HERE SHE COMES IN HER PALANQUIN ON THE BACK OF AN ELEPHANT ON A BED MADE OF LINEN AND SEQUINS AND SILK ALL ASTRIDE ON HER FATHER'S LINE WITH THE KING AND HIS CONCUBINES WITH HER NURSE AND HER PITCHERS OF LIQUORS AND MILK
Yeah, that's a pretty great image, and it gives us some of the orientalist local color that the story desperately needs more of if it's to work on its own terms.
...are those statues meant to be tanukis? That's a pretty cool detail, although, let's face it, this is China-analogue, and although you do find raccoon dogs in China, they're far more associated with Japan. Just saying.
It's a fairly clever ending, though. Interesting that Gladstone's luck apparently wasn't familiar with the contest's rules.
...why does he not have a thing?
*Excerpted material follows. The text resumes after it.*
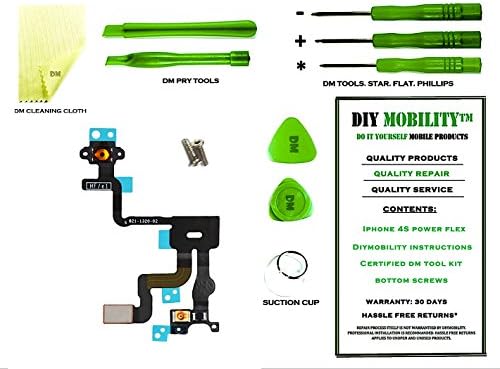 iPhone 4S Power Button, Proximity Light Sensor, and Microphone Flex Cable PREMIUM Kit with DM Tools, Cleaning Cloth, and Instructions Included - DIYMOBILITY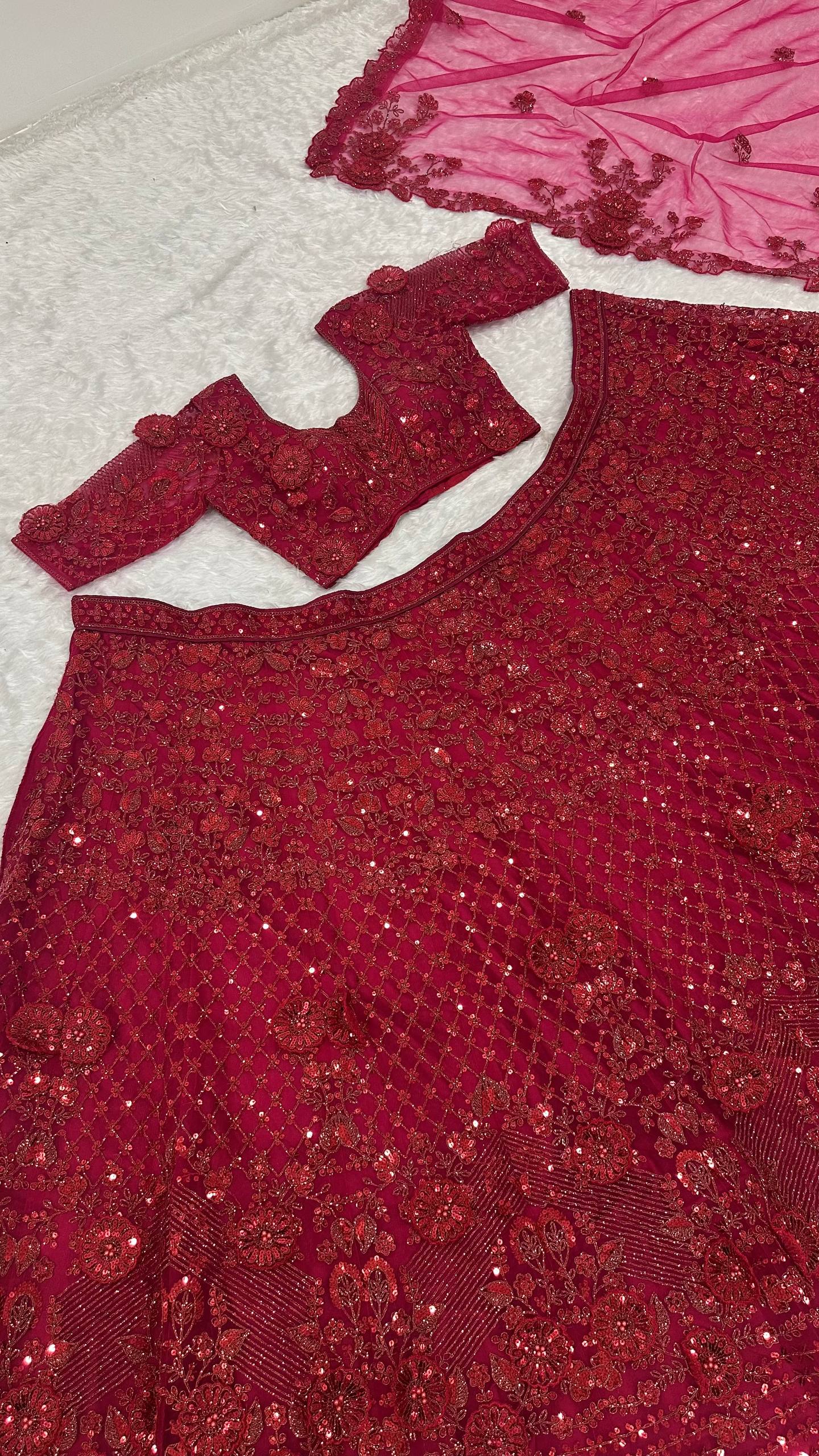Red Elegant Net Lehenga Set with Intricate Thread, Dori, Sequins & Beads Work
When he was borrowing money at the beginning, he was totally cool with the interest, noting that he'd "just take out a mortgage on Gladstone's boat." The boat may be wrecked, but at the very least he should still get Gladstone's car. Seems unfair to me for Scrooge to just be able to do this drive-by all-your-money-are-belong-to-us.
Also, as much as I like when things go Donald's way, it's hard to see what he's done in this story that should let him sit so pretty in Daisy's esteem. He just sorta bumbled along as usual; there wasn't any kind of moral component to the trip.
While I suppose I'll agree that "In the Footsteps of Jules Verne" was good enough to localize (and the script by Dwight Decker is quite good), it doesn't really live up to the potential coolness of its title. I think it's a good example of the principle that Gladstone was often less interested in printing the best stories than it was the ones that were most reminiscent--in terms of art and/or plot--of Barks. And maybe they weren't wrong to do this; you've gotta maintain your audience, and bombarding them with weirdly unfamiliar material may not help, even if my personal preference would be for something more daring. Still, I have to end by pointing out that, though not without its flaws, "The Treasure of Saturnin Farandoul" is significantly superior, both as a story and as a Jules Verne tribute. It's actually only four pages longer than this, but it crams in WAY more variety and incident.